批准していない国の一つである中国は、いくつかの国際河川の上流国で、その権限を侵されたくない。同じくトルコはシリアやイラクと過去数十年に渡って、水資源について緊張関係にあり、これに譲歩的な態度はとれません。同様の理由で、いくつかの大国が棄権しています。日本も同様です。「日本には国際河川がありませんから」というのが公式見解ですが、他の大国を刺激したくないから、という解釈はしても許されるのではないでしょうか。

日本の国会議員などに話をしますと、日本こそ率先してこの条約を批准すべきだと言う人も多いですね。国際利益を持たない日本がそのような態度を表明することによって、国際社会がそちらにいくべきだというメッセージが送られるという点もあります。

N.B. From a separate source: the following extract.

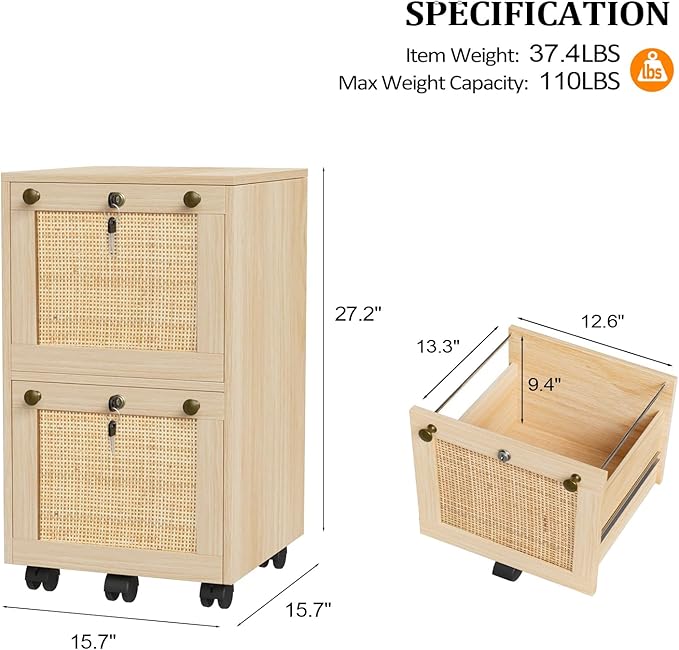 VINGLI 2 Drawer File Cabinet - Image 3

この条約は発効していませんので強制力は持ちませんが、無駄かというとそうでもありません。

確かに、条約は27年間も検討されているので、その中身に曖昧なところもあります。例えば、「加入国は顕著な損失を与えてはならない」という条文があるのですが、何が顕著かはわからない。また、「顕著な損失が生じなければいい」という考え方には、個人的に懸念を持っています。流域で顕著な損失が生じるということは、水資源が相対的に不足してきていて、はじめて下流国は上流国の水使用を顕著と思うわけです。すると、顕著な損失と感じる前の水資源利用については、完全に早い者勝ちになってしまいます。経済開発を早く行なったものが勝ちとなり、これが国際社会として認められるルールなのか。遅れた者が損をするルールは正しいのか、ということが問題です。

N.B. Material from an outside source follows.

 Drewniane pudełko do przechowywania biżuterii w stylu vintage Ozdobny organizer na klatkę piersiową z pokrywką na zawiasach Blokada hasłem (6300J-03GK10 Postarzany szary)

このような懸念はあるのですが、一方で、この条約は国際的な慣習法として定着しています。27年間の検討の蓄積があるわけです。インドとバングラデシュ、インドとネパールの間の係争も、この条約の草案をもとに解決しているわけです。すると、この条約は発効していないけれど、充分機能していると言えるわけで、無駄ではないのですね。

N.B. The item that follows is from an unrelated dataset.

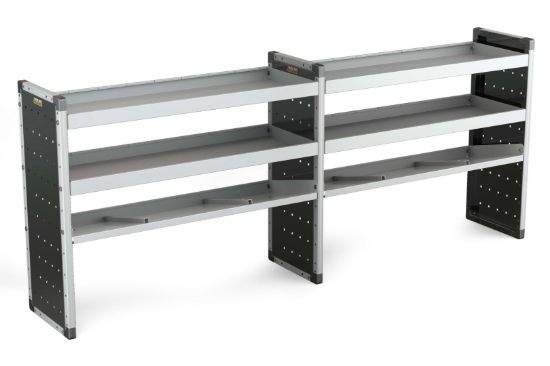 Van Guard Trade Van Racking Double Unit - 2 Straight, 1 Angled Per Bay - H1009mm x W2466.5mm (1183mm & 1183mm)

国際機関が果たしうる役割ですが、私のイメージでは、流域国に係争が生じた場合に有益なメカニズムというよりも、流域国の協調のための枠組みをつくる上で重要なのでしょう。

アフガニスタンの復興がアラル海流域の係争を招く

アラル海はウズベキスタン、カザフスタン、キルギスタン、トルクメニスタン、タジキスタンの5カ国が流域国となっています。上流で水を使いすぎたために干上がってしまいました。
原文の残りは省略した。